DATA SHOWN Block Start
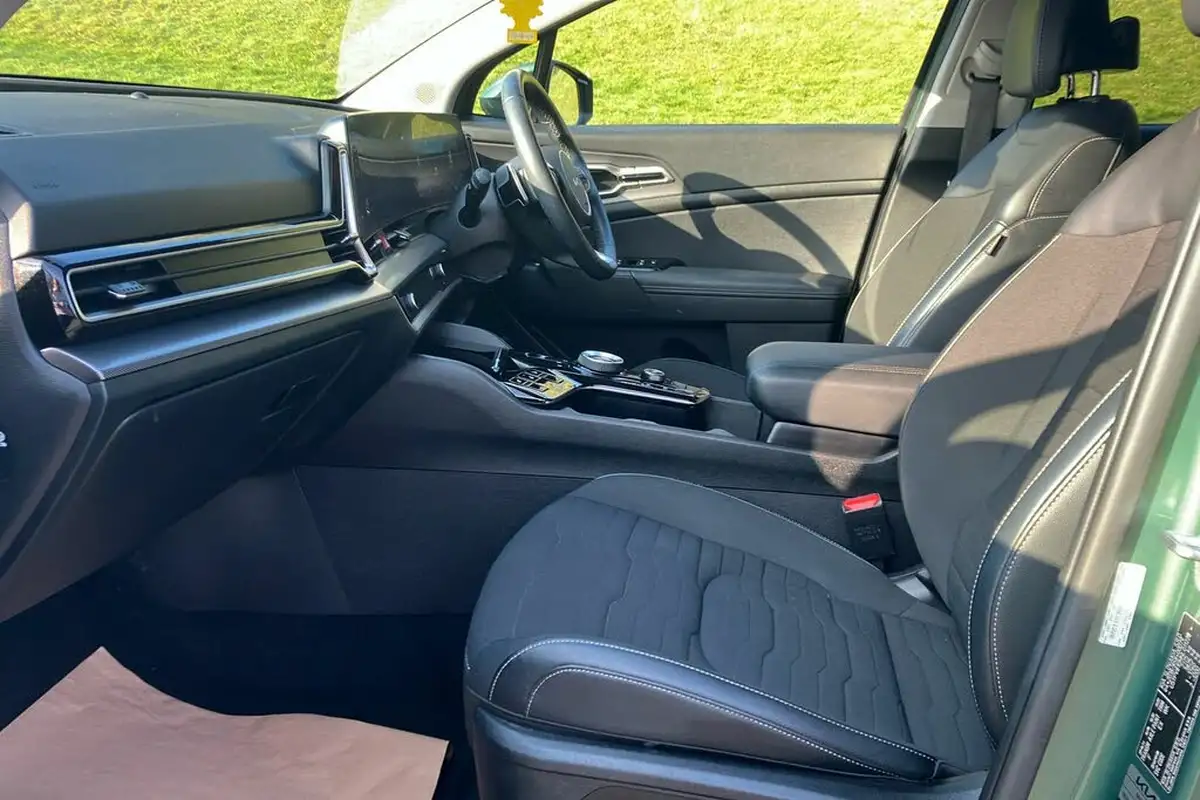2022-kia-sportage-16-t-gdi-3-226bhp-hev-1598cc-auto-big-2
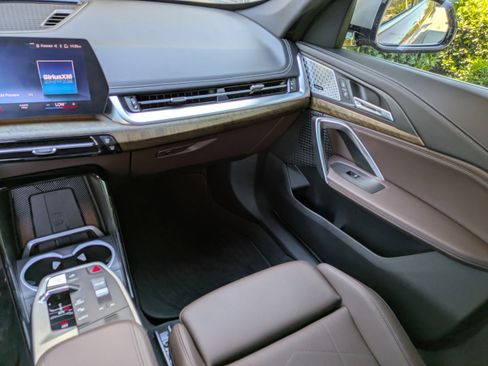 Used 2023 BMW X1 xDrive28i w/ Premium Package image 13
DATA SHOWN Block End
DATA SHOWN Block Start
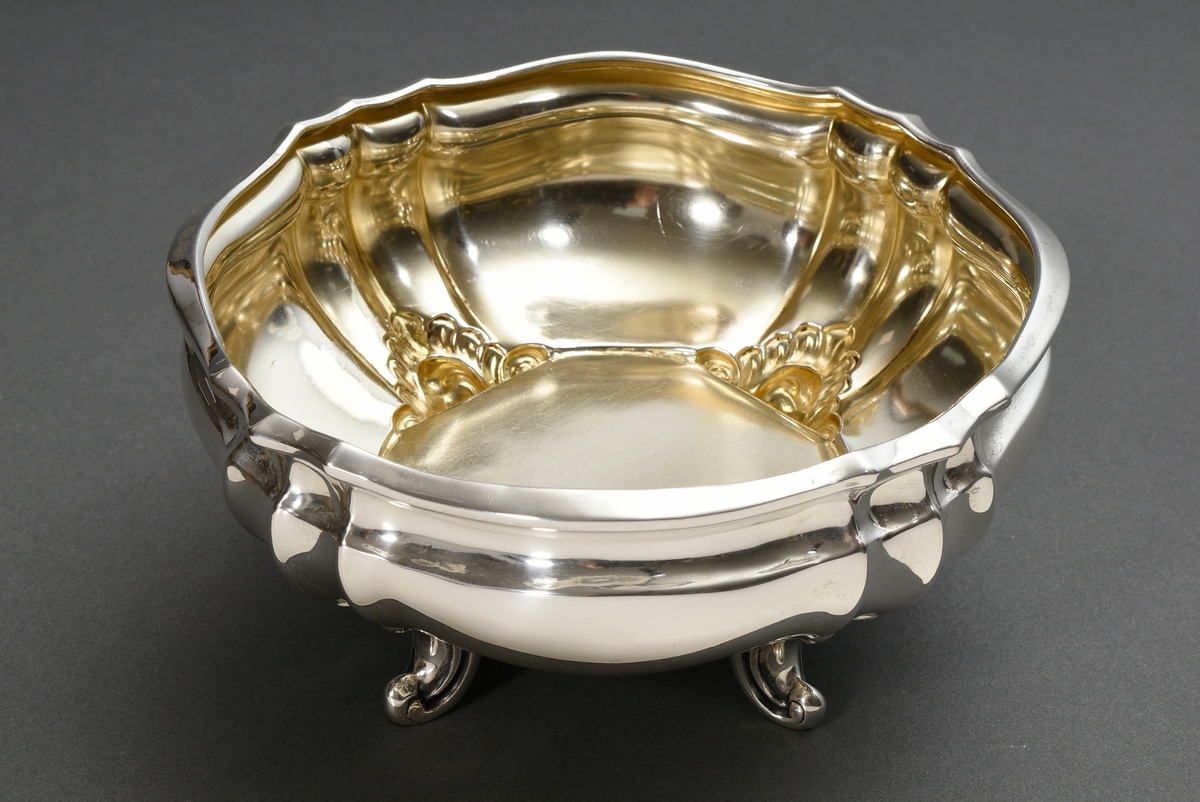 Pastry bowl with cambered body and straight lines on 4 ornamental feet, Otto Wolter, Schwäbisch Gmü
DATA SHOWN Block End
▶ TASK DETAILS: Could you repeat, exactly, only the lines above starting at the one that has "2022-kia-sportage-16-t-gdi-3-226bhp-hev-1598cc-auto-big-2" and stopping after the one that has "Used 2023 BMW", without the pictures?

▶ OUTPUT OF THE TASK:
2022-kia-sportage-16-t-gdi-3-226bhp-hev-1598cc-auto-big-2
 Used 2023 BMW X1 xDrive28i w/ Premium Package image 13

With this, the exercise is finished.